Jacob's Favorite Christmas Films: #10. "Krampus" (2015)
Yeah. I'm kind of as surprised as you are that this made the list.
Krampus is an admittedly odd entry on this list. It's arguably one of the most mean-spirited movies about Christmas without devolving entirely into a mockery of the holiday. It's a few steps away from becoming a desecration, a film like the proto-slasher Black Christmas or super schlock like Silent Night, Deadly Night (one day I'll touch on the Silent Night, Deadly Night franchise, but that's going to be a ways out because you wouldn't believe how weird the history of that franchise could be).

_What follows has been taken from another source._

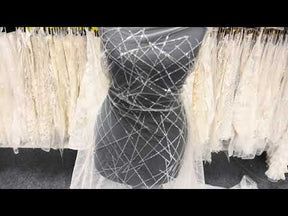 Tulle brodé de sequins ivoire - EB3022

So it's almost a Christmas miracle that Krampus dodges that, somehow walking a tightrope between the sincerity of the holidays while still featuring a giant jack-in-the-box clown worm that consumes children among other horrors. It feels like an EC Comic from the 50s brought to vivid life for most of its duration. The only thing its missing is a Crypt Keeper like figure walking out at the end to make a pun about Christmas and telling kids not to lose the Christmas spirit.
If you keep that frame of reference in mind while watching Krampus, pretending that it's a lost Tales From the Crypt episode blown up to mass proportions, you're going to have a great time.
Krampus' first scene is a perfect tone setter, a slow motion montage of Christmas shoppers fighting each other over gifts. It's a long scene, but it's undeniably entertaining to watch. From there, the film decides to essentially remake part of National Lampoon's Christmas Vacation for a bit. A family is hosting a Christmas get together that goes wrong every year. Father figures posture for dominance, alcohol flows freely as a coping mechanism, the mother of the house tries to keep herself from snapping every waking moment, and an elderly grandmother acts distant during the holiday.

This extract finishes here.